◆ WHAT YOU SHOULD DO:
Each line of the data is to be output verbatim, with the images removed.

◆ RAW DATA:
------------

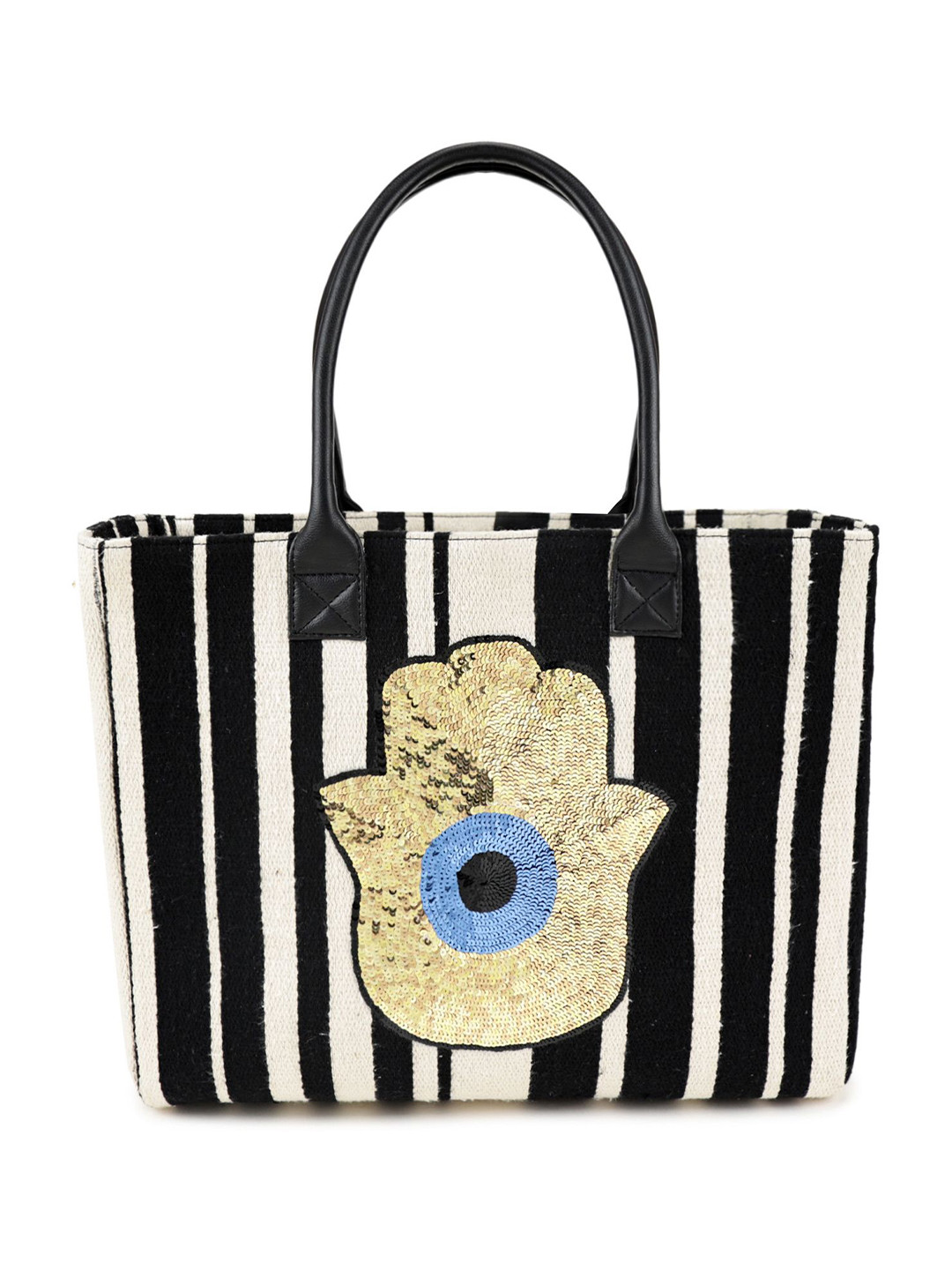 SWIRL Striped Swagger Pure Cotton Handheld Bag With Detachable Sling Strap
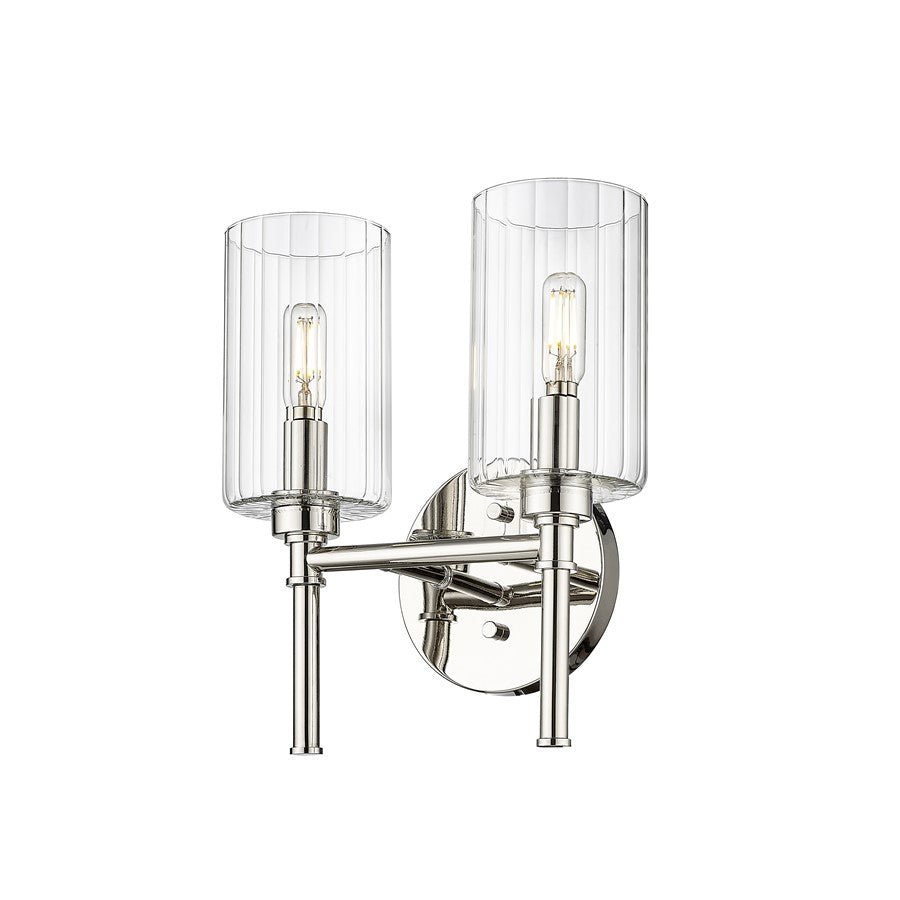 Millennium Lighting Chastine 2Lt Vanity, Polished Nickel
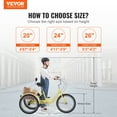 thumbnail image 2 of VEVOR Triciclos para adultos, bicicletas de tres ruedas de 20 pulgadas, triciclos de 3 ruedas, bicicleta de crucero de acero al carbono con canasta y asiento ajustable, 2 of 9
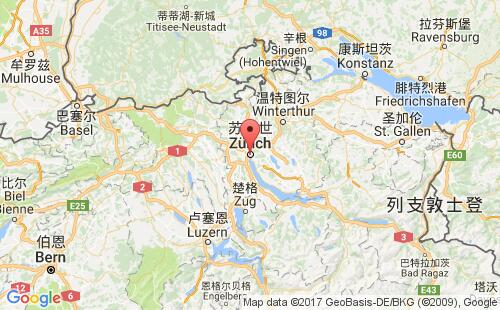 瑞士港口苏黎世zurich港口地图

------------

◆ SOLUTION:
 SWIRL Striped Swagger Pure Cotton Handheld Bag With Detachable Sling Strap
 Millennium Lighting Chastine 2Lt Vanity, Polished Nickel
 thumbnail image 2 of VEVOR Triciclos para adultos, bicicletas de tres ruedas de 20 pulgadas, triciclos de 3 ruedas, bicicleta de crucero de acero al carbono con canasta y asiento ajustable, 2 of 9
 瑞士港口苏黎世zurich港口地图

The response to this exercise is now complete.